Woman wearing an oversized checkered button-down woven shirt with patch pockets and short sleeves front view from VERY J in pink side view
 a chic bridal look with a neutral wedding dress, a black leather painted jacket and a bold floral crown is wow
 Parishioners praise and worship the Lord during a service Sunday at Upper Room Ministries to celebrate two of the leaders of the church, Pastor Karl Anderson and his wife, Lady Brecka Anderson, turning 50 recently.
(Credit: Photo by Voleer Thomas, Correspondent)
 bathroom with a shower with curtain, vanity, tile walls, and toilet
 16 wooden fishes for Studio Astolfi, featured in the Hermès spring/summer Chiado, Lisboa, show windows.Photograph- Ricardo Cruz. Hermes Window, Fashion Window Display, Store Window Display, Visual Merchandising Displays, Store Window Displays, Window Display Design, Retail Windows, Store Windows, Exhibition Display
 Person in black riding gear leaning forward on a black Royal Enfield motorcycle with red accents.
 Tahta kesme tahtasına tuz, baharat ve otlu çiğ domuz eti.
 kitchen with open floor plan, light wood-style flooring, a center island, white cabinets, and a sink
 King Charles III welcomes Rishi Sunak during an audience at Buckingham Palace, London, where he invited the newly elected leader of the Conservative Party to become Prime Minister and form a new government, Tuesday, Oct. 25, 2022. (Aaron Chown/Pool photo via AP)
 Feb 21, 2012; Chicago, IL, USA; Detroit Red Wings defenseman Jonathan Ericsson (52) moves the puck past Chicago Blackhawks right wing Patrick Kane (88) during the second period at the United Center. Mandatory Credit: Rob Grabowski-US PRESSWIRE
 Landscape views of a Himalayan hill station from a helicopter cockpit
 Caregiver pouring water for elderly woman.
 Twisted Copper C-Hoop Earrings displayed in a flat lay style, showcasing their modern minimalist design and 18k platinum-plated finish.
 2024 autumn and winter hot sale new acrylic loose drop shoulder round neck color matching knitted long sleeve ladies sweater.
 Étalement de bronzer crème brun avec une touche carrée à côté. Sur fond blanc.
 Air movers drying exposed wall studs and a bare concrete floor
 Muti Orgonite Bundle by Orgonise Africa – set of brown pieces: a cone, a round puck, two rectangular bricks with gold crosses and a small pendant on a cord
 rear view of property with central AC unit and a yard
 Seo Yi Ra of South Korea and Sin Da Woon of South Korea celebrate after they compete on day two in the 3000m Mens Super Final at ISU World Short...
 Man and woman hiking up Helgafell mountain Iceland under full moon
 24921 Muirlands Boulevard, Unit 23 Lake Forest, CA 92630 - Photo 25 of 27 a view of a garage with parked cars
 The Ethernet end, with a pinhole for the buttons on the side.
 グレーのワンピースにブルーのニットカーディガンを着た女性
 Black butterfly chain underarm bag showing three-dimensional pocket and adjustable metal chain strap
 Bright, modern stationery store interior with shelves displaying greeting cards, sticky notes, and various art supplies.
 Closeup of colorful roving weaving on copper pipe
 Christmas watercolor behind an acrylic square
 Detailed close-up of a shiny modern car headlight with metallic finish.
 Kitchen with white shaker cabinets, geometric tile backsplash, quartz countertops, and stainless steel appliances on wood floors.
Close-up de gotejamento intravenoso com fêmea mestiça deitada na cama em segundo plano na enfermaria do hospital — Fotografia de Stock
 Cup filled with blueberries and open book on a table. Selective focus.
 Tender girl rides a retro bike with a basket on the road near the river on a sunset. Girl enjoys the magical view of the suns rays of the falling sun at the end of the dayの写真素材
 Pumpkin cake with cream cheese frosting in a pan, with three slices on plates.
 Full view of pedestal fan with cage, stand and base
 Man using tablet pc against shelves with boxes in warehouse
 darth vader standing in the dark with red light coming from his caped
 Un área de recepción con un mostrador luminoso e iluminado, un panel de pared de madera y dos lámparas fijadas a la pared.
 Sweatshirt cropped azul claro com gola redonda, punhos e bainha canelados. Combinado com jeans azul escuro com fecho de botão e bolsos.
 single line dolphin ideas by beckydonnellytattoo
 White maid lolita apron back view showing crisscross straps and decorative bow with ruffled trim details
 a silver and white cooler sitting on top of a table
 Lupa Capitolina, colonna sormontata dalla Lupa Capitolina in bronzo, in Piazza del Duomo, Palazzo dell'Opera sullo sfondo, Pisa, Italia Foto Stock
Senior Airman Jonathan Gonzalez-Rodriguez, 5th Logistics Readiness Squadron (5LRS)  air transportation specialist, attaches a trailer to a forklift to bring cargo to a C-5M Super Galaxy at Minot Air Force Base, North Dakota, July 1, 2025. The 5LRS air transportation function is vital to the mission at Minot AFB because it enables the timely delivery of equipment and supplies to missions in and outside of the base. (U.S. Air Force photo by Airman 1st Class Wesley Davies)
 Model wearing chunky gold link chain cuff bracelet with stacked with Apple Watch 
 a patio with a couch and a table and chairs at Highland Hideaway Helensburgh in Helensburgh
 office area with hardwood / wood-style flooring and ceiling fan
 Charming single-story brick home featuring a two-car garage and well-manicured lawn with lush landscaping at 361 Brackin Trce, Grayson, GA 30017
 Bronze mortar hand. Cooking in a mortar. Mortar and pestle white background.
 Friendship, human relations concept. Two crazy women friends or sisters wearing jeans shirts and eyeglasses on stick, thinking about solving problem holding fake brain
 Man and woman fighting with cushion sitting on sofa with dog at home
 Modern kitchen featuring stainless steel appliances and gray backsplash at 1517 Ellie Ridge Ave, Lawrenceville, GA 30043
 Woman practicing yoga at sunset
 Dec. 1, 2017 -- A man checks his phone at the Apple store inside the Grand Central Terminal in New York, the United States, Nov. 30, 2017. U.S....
····················
-- Work instruction --
Transcribe the data above in full, exactly as it appears.

-- Task answer --
Woman wearing an oversized checkered button-down woven shirt with patch pockets and short sleeves front view from VERY J in pink side view
 a chic bridal look with a neutral wedding dress, a black leather painted jacket and a bold floral crown is wow
 Parishioners praise and worship the Lord during a service Sunday at Upper Room Ministries to celebrate two of the leaders of the church, Pastor Karl Anderson and his wife, Lady Brecka Anderson, turning 50 recently.
(Credit: Photo by Voleer Thomas, Correspondent)
 bathroom with a shower with curtain, vanity, tile walls, and toilet
 16 wooden fishes for Studio Astolfi, featured in the Hermès spring/summer Chiado, Lisboa, show windows.Photograph- Ricardo Cruz. Hermes Window, Fashion Window Display, Store Window Display, Visual Merchandising Displays, Store Window Displays, Window Display Design, Retail Windows, Store Windows, Exhibition Display
 Person in black riding gear leaning forward on a black Royal Enfield motorcycle with red accents.
 Tahta kesme tahtasına tuz, baharat ve otlu çiğ domuz eti.
 kitchen with open floor plan, light wood-style flooring, a center island, white cabinets, and a sink
 King Charles III welcomes Rishi Sunak during an audience at Buckingham Palace, London, where he invited the newly elected leader of the Conservative Party to become Prime Minister and form a new government, Tuesday, Oct. 25, 2022. (Aaron Chown/Pool photo via AP)
 Feb 21, 2012; Chicago, IL, USA; Detroit Red Wings defenseman Jonathan Ericsson (52) moves the puck past Chicago Blackhawks right wing Patrick Kane (88) during the second period at the United Center. Mandatory Credit: Rob Grabowski-US PRESSWIRE
 Landscape views of a Himalayan hill station from a helicopter cockpit
 Caregiver pouring water for elderly woman.
 Twisted Copper C-Hoop Earrings displayed in a flat lay style, showcasing their modern minimalist design and 18k platinum-plated finish.
 2024 autumn and winter hot sale new acrylic loose drop shoulder round neck color matching knitted long sleeve ladies sweater.
 Étalement de bronzer crème brun avec une touche carrée à côté. Sur fond blanc.
 Air movers drying exposed wall studs and a bare concrete floor
 Muti Orgonite Bundle by Orgonise Africa – set of brown pieces: a cone, a round puck, two rectangular bricks with gold crosses and a small pendant on a cord
 rear view of property with central AC unit and a yard
 Seo Yi Ra of South Korea and Sin Da Woon of South Korea celebrate after they compete on day two in the 3000m Mens Super Final at ISU World Short...
 Man and woman hiking up Helgafell mountain Iceland under full moon
 24921 Muirlands Boulevard, Unit 23 Lake Forest, CA 92630 - Photo 25 of 27 a view of a garage with parked cars
 The Ethernet end, with a pinhole for the buttons on the side.
 グレーのワンピースにブルーのニットカーディガンを着た女性
 Black butterfly chain underarm bag showing three-dimensional pocket and adjustable metal chain strap
 Bright, modern stationery store interior with shelves displaying greeting cards, sticky notes, and various art supplies.
 Closeup of colorful roving weaving on copper pipe
 Christmas watercolor behind an acrylic square
 Detailed close-up of a shiny modern car headlight with metallic finish.
 Kitchen with white shaker cabinets, geometric tile backsplash, quartz countertops, and stainless steel appliances on wood floors.
Close-up de gotejamento intravenoso com fêmea mestiça deitada na cama em segundo plano na enfermaria do hospital — Fotografia de Stock
 Cup filled with blueberries and open book on a table. Selective focus.
 Tender girl rides a retro bike with a basket on the road near the river on a sunset. Girl enjoys the magical view of the suns rays of the falling sun at the end of the dayの写真素材
 Pumpkin cake with cream cheese frosting in a pan, with three slices on plates.
 Full view of pedestal fan with cage, stand and base
 Man using tablet pc against shelves with boxes in warehouse
 darth vader standing in the dark with red light coming from his caped
 Un área de recepción con un mostrador luminoso e iluminado, un panel de pared de madera y dos lámparas fijadas a la pared.
 Sweatshirt cropped azul claro com gola redonda, punhos e bainha canelados. Combinado com jeans azul escuro com fecho de botão e bolsos.
 single line dolphin ideas by beckydonnellytattoo
 White maid lolita apron back view showing crisscross straps and decorative bow with ruffled trim details
 a silver and white cooler sitting on top of a table
 Lupa Capitolina, colonna sormontata dalla Lupa Capitolina in bronzo, in Piazza del Duomo, Palazzo dell'Opera sullo sfondo, Pisa, Italia Foto Stock
Senior Airman Jonathan Gonzalez-Rodriguez, 5th Logistics Readiness Squadron (5LRS)  air transportation specialist, attaches a trailer to a forklift to bring cargo to a C-5M Super Galaxy at Minot Air Force Base, North Dakota, July 1, 2025. The 5LRS air transportation function is vital to the mission at Minot AFB because it enables the timely delivery of equipment and supplies to missions in and outside of the base. (U.S. Air Force photo by Airman 1st Class Wesley Davies)
 Model wearing chunky gold link chain cuff bracelet with stacked with Apple Watch 
 a patio with a couch and a table and chairs at Highland Hideaway Helensburgh in Helensburgh
 office area with hardwood / wood-style flooring and ceiling fan
 Charming single-story brick home featuring a two-car garage and well-manicured lawn with lush landscaping at 361 Brackin Trce, Grayson, GA 30017
 Bronze mortar hand. Cooking in a mortar. Mortar and pestle white background.
 Friendship, human relations concept. Two crazy women friends or sisters wearing jeans shirts and eyeglasses on stick, thinking about solving problem holding fake brain
 Man and woman fighting with cushion sitting on sofa with dog at home
 Modern kitchen featuring stainless steel appliances and gray backsplash at 1517 Ellie Ridge Ave, Lawrenceville, GA 30043
 Woman practicing yoga at sunset
 Dec. 1, 2017 -- A man checks his phone at the Apple store inside the Grand Central Terminal in New York, the United States, Nov. 30, 2017. U.S....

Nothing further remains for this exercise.